Portés par la promesse d'une vie plus agréable comme ce trentenaire croisé au bureau de vote, ou hostiles comme ce retraité pour qui cela va "gêner" les riverains, les Parisiens sont invités à se prononcer dimanche "pour ou contre végétaliser et rendre piétonnes 500 nouvelles rues dans Paris".
Sous la verrière au style Baltard de la mairie du XVIIIe arrondissement, avec 18 bureaux de vote sur les 218 ouverts de la capitale aux plus de 16 ans, retraités, actifs mais aussi religieuses ou familles et leurs enfants en draisienne défilent dès l'ouverture à 9H00.
Des bulletins oui et non sont à disposition, et une seule question pour cet arrondissement: voulez-vous faire de Paris une "ville-jardin"?
Si le "oui" l'emporte, la municipalité de la capitale la plus dense d'Europe promet de "massifier" la piétonnisation entreprise depuis le début du second mandat de la maire socialiste Anne Hidalgo en 2020, qui a déjà transformé 300 rues.
Voter pour Marc Remaggi, enseignant de 37 ans, c'est "améliorer le cadre de vie et rendre Paris plus agréable. C'est essentiel de préparer la ville au climat de demain, il s'agit d'enjeux vitaux".
Sarah, 37 ans et qui travaille dans un atelier de poterie dans le quartier, abonde. "On habite juste à côté d'une rue aux écoles" où les riverains se sont "réapproprié l'espace public" avec une table, un lieu "où on descend prendre le goûter" avec les enfants. "Les Parisiens n'ont pas de jardin", fait-elle remarquer pour illustrer le luxe de "pouvoir rester dehors".

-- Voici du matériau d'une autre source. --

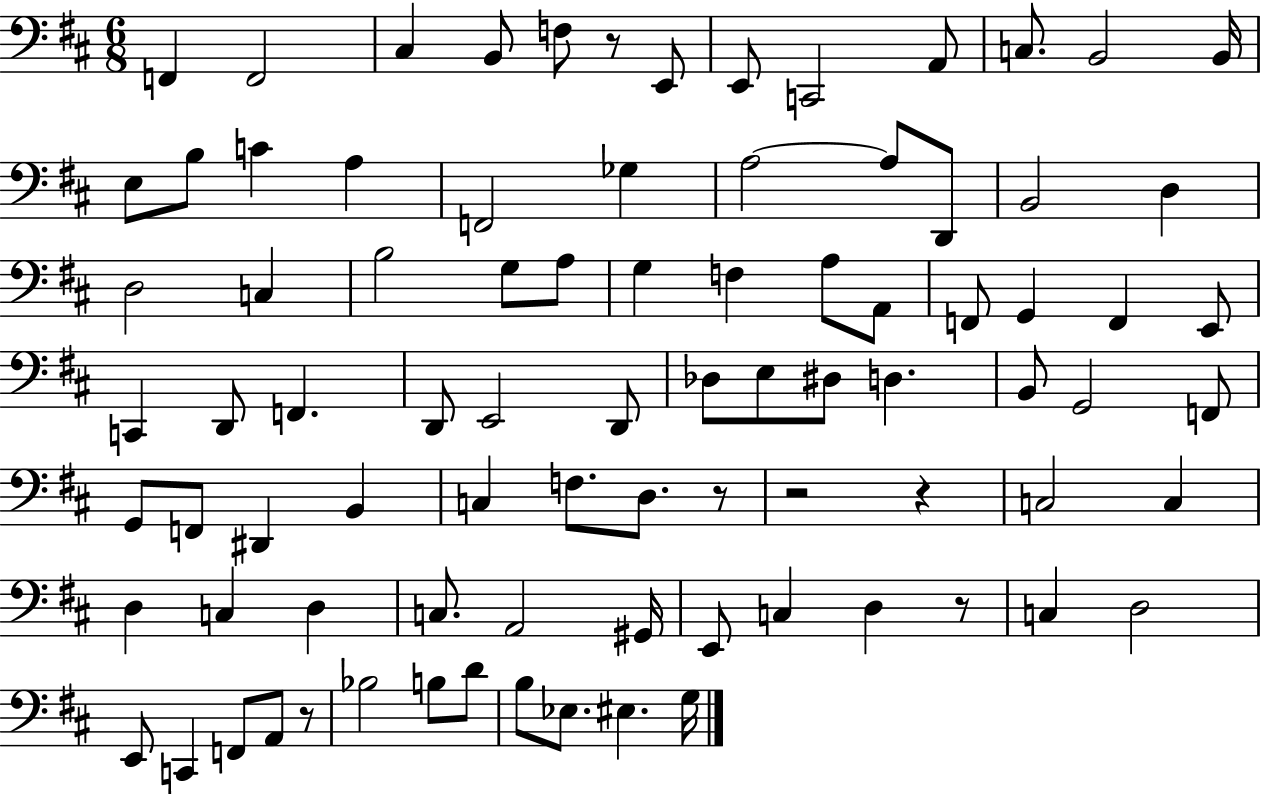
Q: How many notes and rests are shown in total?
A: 86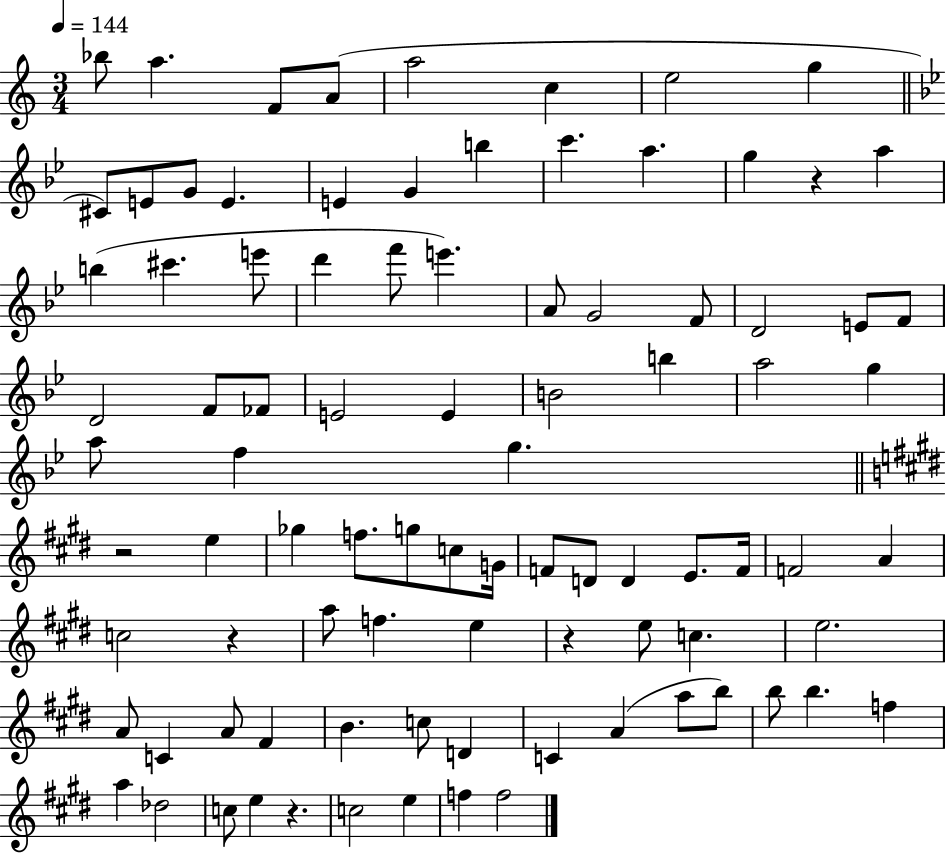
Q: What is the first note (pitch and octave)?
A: Bb5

A quelques pas, tulipes jaunes et pruniers en fleurs colorent la ruelle Hermel déjà piétonnisée. Comme dans les autres rues végétales où priorité a été donnée aux piétons et aux mobilités douces, l'asphalte laisse la place à la plantation d'arbres, de stries enherbées, ou de bandes de terre le long des façades.
- Réduction du stationnement -
L'enjeu de la votation de dimanche pour Paris, et 9.900 habitants au km2, est l'aménagement de 500 nouvelles rues, ce qui correspond à cinq à huit rues végétalisées et piétonnisées nouvelles par quartier, en fonction de leur taille.
Les voies éligibles ne sont pas encore déterminées. Elles le seront à partir d'avril, dans chaque arrondissement, pour une mise en oeuvre d'ici à trois ou quatre ans et un coût moyen estimé à 500.000 euros par rue.
Au passage, 10% du stationnement de surface parisien disparaîtrait pour les voitures, soit 10.000 places.
C'est là l'un des arguments avancés par les détracteurs du projet, notamment dans le XVIIIe. Car une diminution est déjà en cours dans certains quartiers comme la butte Montmartre (40.000 habitants), où la création d'une aire piétonne soulève la grogne de riverains.
"Le projet n'est pas adapté à la vie économique de Paris. C'est bien de penser à l'environnement, mais il faut que les gens travaillent", souligne Daniel, un retraité qui préfère ne pas donner son patronyme.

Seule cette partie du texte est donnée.